Source material »
»»
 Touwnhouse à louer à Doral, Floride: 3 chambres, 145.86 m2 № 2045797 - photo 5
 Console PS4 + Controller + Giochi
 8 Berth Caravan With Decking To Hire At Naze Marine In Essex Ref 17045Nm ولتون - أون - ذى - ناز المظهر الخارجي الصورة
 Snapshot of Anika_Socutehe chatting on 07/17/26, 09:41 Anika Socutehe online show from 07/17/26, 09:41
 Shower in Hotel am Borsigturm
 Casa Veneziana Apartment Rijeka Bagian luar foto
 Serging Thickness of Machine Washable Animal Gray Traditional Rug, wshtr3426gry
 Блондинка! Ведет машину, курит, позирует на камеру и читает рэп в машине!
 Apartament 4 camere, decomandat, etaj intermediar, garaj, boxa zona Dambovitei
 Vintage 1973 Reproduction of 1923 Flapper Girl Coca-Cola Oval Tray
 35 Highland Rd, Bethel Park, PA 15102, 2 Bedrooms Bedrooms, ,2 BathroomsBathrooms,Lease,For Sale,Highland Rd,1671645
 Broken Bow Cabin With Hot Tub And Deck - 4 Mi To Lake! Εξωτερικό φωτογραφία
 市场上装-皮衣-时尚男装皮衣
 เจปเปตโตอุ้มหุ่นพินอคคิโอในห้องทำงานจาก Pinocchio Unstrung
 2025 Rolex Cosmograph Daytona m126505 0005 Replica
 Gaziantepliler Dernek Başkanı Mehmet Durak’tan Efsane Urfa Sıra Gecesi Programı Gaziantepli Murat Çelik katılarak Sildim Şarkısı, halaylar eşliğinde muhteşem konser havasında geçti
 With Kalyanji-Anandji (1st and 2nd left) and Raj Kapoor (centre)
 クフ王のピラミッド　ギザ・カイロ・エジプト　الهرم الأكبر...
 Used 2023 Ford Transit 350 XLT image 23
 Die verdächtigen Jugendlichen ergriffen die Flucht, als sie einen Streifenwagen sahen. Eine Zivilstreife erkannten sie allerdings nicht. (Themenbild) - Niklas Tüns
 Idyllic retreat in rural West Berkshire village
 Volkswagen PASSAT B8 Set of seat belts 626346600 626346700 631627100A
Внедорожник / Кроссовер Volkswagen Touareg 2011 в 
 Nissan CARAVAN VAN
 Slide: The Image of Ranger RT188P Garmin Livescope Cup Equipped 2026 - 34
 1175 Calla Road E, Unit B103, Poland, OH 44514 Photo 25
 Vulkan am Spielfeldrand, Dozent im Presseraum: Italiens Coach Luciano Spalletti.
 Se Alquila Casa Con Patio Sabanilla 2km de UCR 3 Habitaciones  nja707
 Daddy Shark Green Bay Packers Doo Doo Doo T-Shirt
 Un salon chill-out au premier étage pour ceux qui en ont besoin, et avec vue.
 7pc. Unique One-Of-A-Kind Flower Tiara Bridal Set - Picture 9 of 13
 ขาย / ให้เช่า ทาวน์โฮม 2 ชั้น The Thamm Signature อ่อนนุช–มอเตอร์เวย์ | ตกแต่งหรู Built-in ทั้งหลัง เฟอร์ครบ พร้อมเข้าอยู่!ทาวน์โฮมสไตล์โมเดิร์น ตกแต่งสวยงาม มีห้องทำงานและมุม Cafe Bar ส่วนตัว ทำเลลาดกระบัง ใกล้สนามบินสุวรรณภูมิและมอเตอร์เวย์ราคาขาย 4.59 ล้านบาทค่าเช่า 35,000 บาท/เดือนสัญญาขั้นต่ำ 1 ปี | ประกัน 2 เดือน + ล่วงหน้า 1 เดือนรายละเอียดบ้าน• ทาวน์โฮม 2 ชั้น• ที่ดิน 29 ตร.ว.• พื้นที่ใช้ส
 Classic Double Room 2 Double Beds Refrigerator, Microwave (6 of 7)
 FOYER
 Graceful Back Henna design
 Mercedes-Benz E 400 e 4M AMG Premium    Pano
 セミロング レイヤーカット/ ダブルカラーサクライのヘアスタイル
««
Exercise »
Go through the listing and copy all of it exactly.

Written solution »
 Touwnhouse à louer à Doral, Floride: 3 chambres, 145.86 m2 № 2045797 - photo 5
 Console PS4 + Controller + Giochi
 8 Berth Caravan With Decking To Hire At Naze Marine In Essex Ref 17045Nm ولتون - أون - ذى - ناز المظهر الخارجي الصورة
 Snapshot of Anika_Socutehe chatting on 07/17/26, 09:41 Anika Socutehe online show from 07/17/26, 09:41
 Shower in Hotel am Borsigturm
 Casa Veneziana Apartment Rijeka Bagian luar foto
 Serging Thickness of Machine Washable Animal Gray Traditional Rug, wshtr3426gry
 Блондинка! Ведет машину, курит, позирует на камеру и читает рэп в машине!
 Apartament 4 camere, decomandat, etaj intermediar, garaj, boxa zona Dambovitei
 Vintage 1973 Reproduction of 1923 Flapper Girl Coca-Cola Oval Tray
 35 Highland Rd, Bethel Park, PA 15102, 2 Bedrooms Bedrooms, ,2 BathroomsBathrooms,Lease,For Sale,Highland Rd,1671645
 Broken Bow Cabin With Hot Tub And Deck - 4 Mi To Lake! Εξωτερικό φωτογραφία
 市场上装-皮衣-时尚男装皮衣
 เจปเปตโตอุ้มหุ่นพินอคคิโอในห้องทำงานจาก Pinocchio Unstrung
 2025 Rolex Cosmograph Daytona m126505 0005 Replica
 Gaziantepliler Dernek Başkanı Mehmet Durak’tan Efsane Urfa Sıra Gecesi Programı Gaziantepli Murat Çelik katılarak Sildim Şarkısı, halaylar eşliğinde muhteşem konser havasında geçti
 With Kalyanji-Anandji (1st and 2nd left) and Raj Kapoor (centre)
 クフ王のピラミッド　ギザ・カイロ・エジプト　الهرم الأكبر...
 Used 2023 Ford Transit 350 XLT image 23
 Die verdächtigen Jugendlichen ergriffen die Flucht, als sie einen Streifenwagen sahen. Eine Zivilstreife erkannten sie allerdings nicht. (Themenbild) - Niklas Tüns
 Idyllic retreat in rural West Berkshire village
 Volkswagen PASSAT B8 Set of seat belts 626346600 626346700 631627100A
Внедорожник / Кроссовер Volkswagen Touareg 2011 в 
 Nissan CARAVAN VAN
 Slide: The Image of Ranger RT188P Garmin Livescope Cup Equipped 2026 - 34
 1175 Calla Road E, Unit B103, Poland, OH 44514 Photo 25
 Vulkan am Spielfeldrand, Dozent im Presseraum: Italiens Coach Luciano Spalletti.
 Se Alquila Casa Con Patio Sabanilla 2km de UCR 3 Habitaciones  nja707
 Daddy Shark Green Bay Packers Doo Doo Doo T-Shirt
 Un salon chill-out au premier étage pour ceux qui en ont besoin, et avec vue.
 7pc. Unique One-Of-A-Kind Flower Tiara Bridal Set - Picture 9 of 13
 ขาย / ให้เช่า ทาวน์โฮม 2 ชั้น The Thamm Signature อ่อนนุช–มอเตอร์เวย์ | ตกแต่งหรู Built-in ทั้งหลัง เฟอร์ครบ พร้อมเข้าอยู่!ทาวน์โฮมสไตล์โมเดิร์น ตกแต่งสวยงาม มีห้องทำงานและมุม Cafe Bar ส่วนตัว ทำเลลาดกระบัง ใกล้สนามบินสุวรรณภูมิและมอเตอร์เวย์ราคาขาย 4.59 ล้านบาทค่าเช่า 35,000 บาท/เดือนสัญญาขั้นต่ำ 1 ปี | ประกัน 2 เดือน + ล่วงหน้า 1 เดือนรายละเอียดบ้าน• ทาวน์โฮม 2 ชั้น• ที่ดิน 29 ตร.ว.• พื้นที่ใช้ส
 Classic Double Room 2 Double Beds Refrigerator, Microwave (6 of 7)
 FOYER
 Graceful Back Henna design
 Mercedes-Benz E 400 e 4M AMG Premium    Pano
 セミロング レイヤーカット/ ダブルカラーサクライのヘアスタイル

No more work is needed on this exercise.